Pourquoi faut-il particulièrement prendre soin des pieds de nos chevaux?

Si le pied du cheval ne va pas bien, c’est l’intégralité de sa santé qui est en péril. Geoffrey Gotis, maréchal-ferrant et créateur des produits Duck Hoofcare, explique qu’il “est très important de bien s’occuper des sabots. Un sabot bien entretenu (souplesse, élasticité, résistance aux chocs…) avec des soins réguliers permet un bon amortissement de la boîte cornée, de la fourchette ainsi qu’un fonctionnement correct des cartilages complémentaires nécessaires à une vascularisation optimale du pied.” C’est pourquoi, on ne le répètera jamais assez, il est fondamental d’agir en prévention. Simon Lang insiste sur ce point: “Le cavalier et /ou le groom doivent surveiller quotidiennement l’état de santé d’un cheval. Concernant les pieds, il s’agira de rechercher une éventuelle chaleur au niveau de la boîte cornée, prendre le pouls digité au niveau du boulet et, bien entendu, curer les sabots et les entretenir avec des onguents adaptés. Si la qualité de la corne n’est pas satisfaisante, on peut prescrire une cure de biotine, ou procéder à des analyses des phanères avec les crins. Pour une corne sèche, il faudra nourrir, tandis qu’une corne fragilisée par une humidité excessive devra être asséchée.” “Il faut faire en sorte que le pied soit assez fort pour affronter son environnement sans en pâtir”, ajoute Griselda Beaumont, responsable marketing chez NAF. “Pour ce faire, nous avons développé une gamme de produits riches en acides gras et en émollients qui hydratent le sabot, nourrissent et stimulent la pousse de la corne, et agissent comme un véritable pansement en protégeant la corne des agressions extérieures.” Geoffrey Gotis précise: “Il faut graisser avant de doucher. Cela évitera à l’eau de pénétrer dans la boîte cornée via les trous de clous (rivets) et ainsi évitera tout craquement de la paroi et pourrissement de la ligne blanche.”



Mot d’ordre: anticiper

Il est vraiment fondamental de se montrer à l’écoute de nos chevaux et des signes de gêne qu’ils émettent. Trop souvent, les propriétaires agissent en curatif. Mais rien ne vaut la prévention: ferrage régulier, graissage des sabots, respect de l’animal au travail. Mais aussi une bonne alimentation, comme le précise Geoffrey Gotis: “Les compléments alimentaires sont là pour aider l’animal à fortifier son tonus, son énergie vitale et, de ce fait, sa santé générale.” Une réflexion que partage Lieselot Hamerlink, managing partner chez Cavalor: “Les cornes qui s’effritent, les pieds douloureux, les pieds secs : autant de pathologies du pied dont souffrent de nombreux chevaux.
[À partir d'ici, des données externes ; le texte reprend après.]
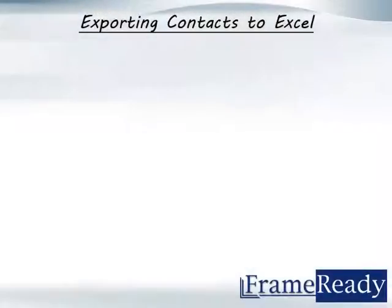Welcome to FrameReady. This short video will demonstrate how to export contact information from your FrameReady program to an Excel spreadsheet.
Il existe une multitude d’éléments nutritifs qui impactent la santé des sabots. Les chevaux, selon les pathologies auxquelles ils sont plus ou moins sujets, doivent être nourris et complémentés en conséquence. Par exemple, les chevaux fourbus doivent être nourris pauvrement en sucre et amidon. Des compléments peuvent être donnés aux chevaux nourris avec des aliments ne contenant pas assez d’éléments nutritifs permettant de soutenir la santé du sabot, ou à ceux nourris avec une ration faiblement dosée en concentrés. En support général, un complément combinant vitamines et minéraux peut être proposé. En cas d’un besoin spécifique concernant la santé du sabot, Cavalor a mis au point un mélange très concentré de tous les éléments nutritifs nécessaires pour stimuler la croissance du sabot et/ou renforcer le sabot, contenant non seulement de la biotine, mais également des levures, des composés de sulfate, des acides aminés et acides gras et autres éléments nutritifs. En effet, la bonne santé du pied, comme celle de l’ensemble du corps, passe par un bon équilibre alimentaire. Dans le cas spécifique d’une corne fragile, ou fragilisée, la biotine seule ne suffit pas.” 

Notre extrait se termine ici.